▶ About this exercise: Without changing a thing, reproduce the entire listing and leave out its pictures.

▶ Information shown:

────────────────────────────────────────

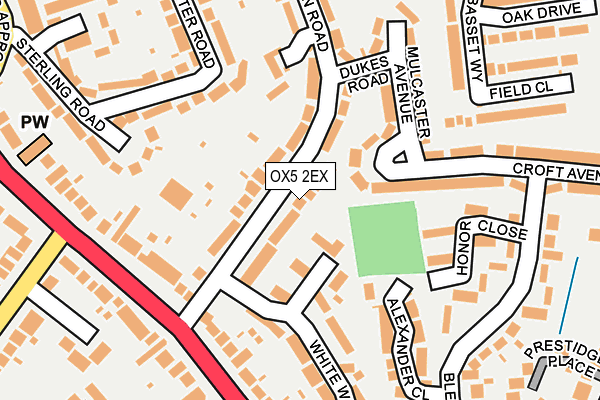 OX5 2EX map - OS OpenMap – Local (Ordnance Survey)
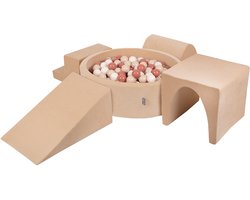 KiddyMoon Schuim speeltuin VELVET PPZP-OK30V-125 met zand beige ballen: pastel beige-haired-wit 300 zwembad/club L/groef/tunnel/trap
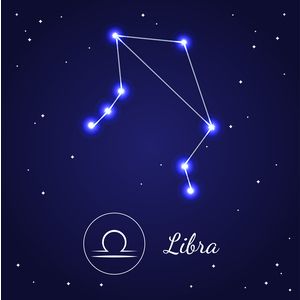  illustration of bright blue star planet zodiacal symbols Astrology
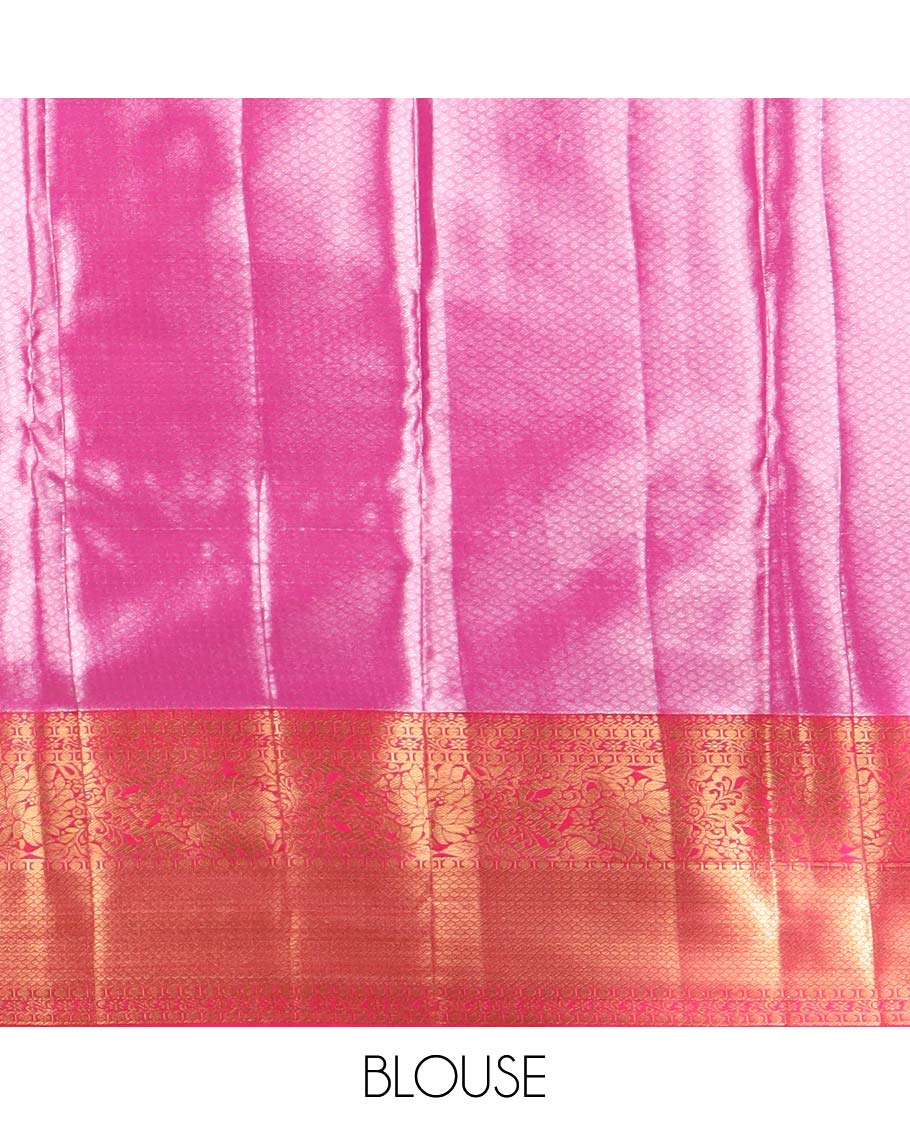 Blue floral jacquard budget silk saree with self floral zari border & pallu of floral zari design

────────────────────────────────────────

▶ Task response:
 OX5 2EX map - OS OpenMap – Local (Ordnance Survey)
 KiddyMoon Schuim speeltuin VELVET PPZP-OK30V-125 met zand beige ballen: pastel beige-haired-wit 300 zwembad/club L/groef/tunnel/trap
  illustration of bright blue star planet zodiacal symbols Astrology
 Blue floral jacquard budget silk saree with self floral zari border & pallu of floral zari design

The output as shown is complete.